* **Prompt**: Retyped exactly and without pictures, the lines from the one with "For electric stoves, foil" through the end of the listing must form the entire answer.

* **Data block**:

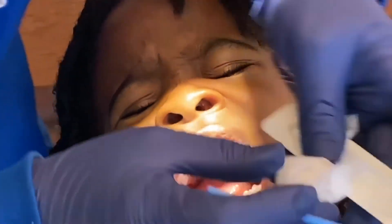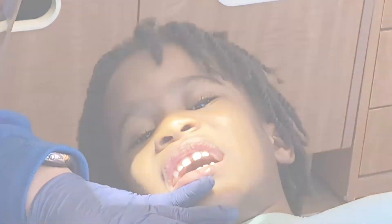Perfect! So wait six hours to brush and nothing crunchy for six hours, okay mom? Keep it close, buddy!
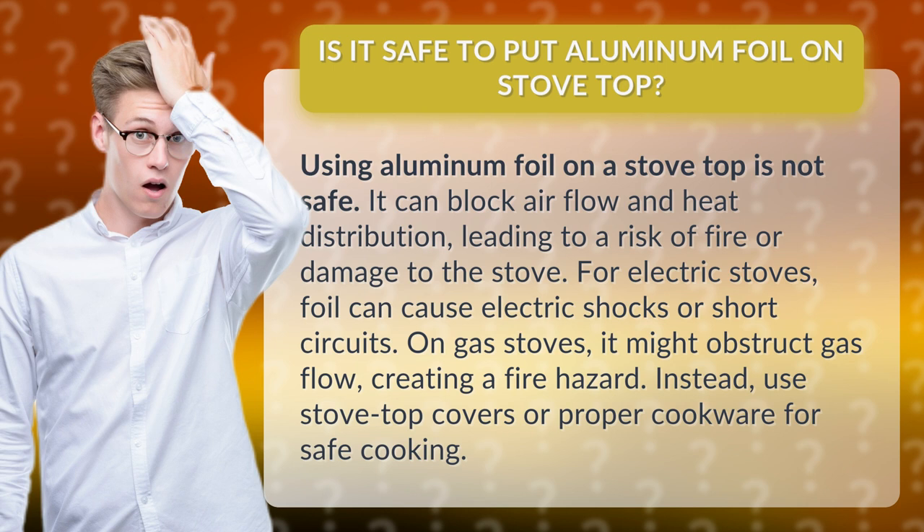For electric stoves, foil can cause electric shocks or short circuits. On gas stoves, it might obstruct gas flow, creating a fire hazard. Instead, use stovetop covers or proper cookware for safe cooking.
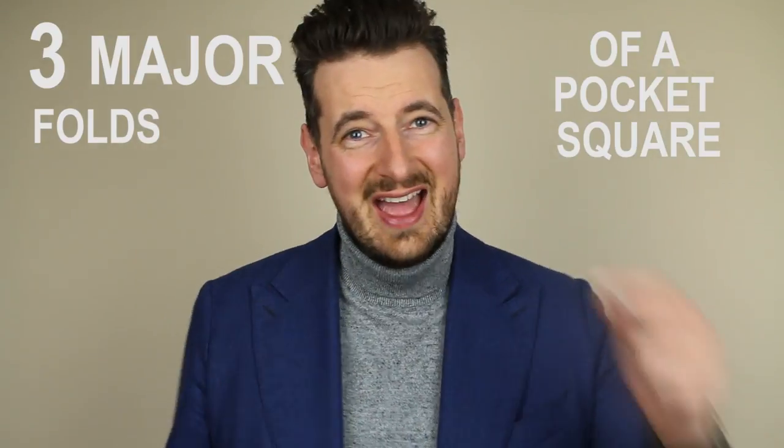Hi, it's Michael from Men's Finest. In this video I'm going to show you three major folds of a pocket square. This video is part of our 'Making Men Look Smarter' video series — click on the playlists to see other videos, and don't forget to subscribe. Let's get to it.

* **Solution to this problem**:
For electric stoves, foil can cause electric shocks or short circuits. On gas stoves, it might obstruct gas flow, creating a fire hazard. Instead, use stovetop covers or proper cookware for safe cooking.
Hi, it's Michael from Men's Finest. In this video I'm going to show you three major folds of a pocket square. This video is part of our 'Making Men Look Smarter' video series — click on the playlists to see other videos, and don't forget to subscribe. Let's get to it.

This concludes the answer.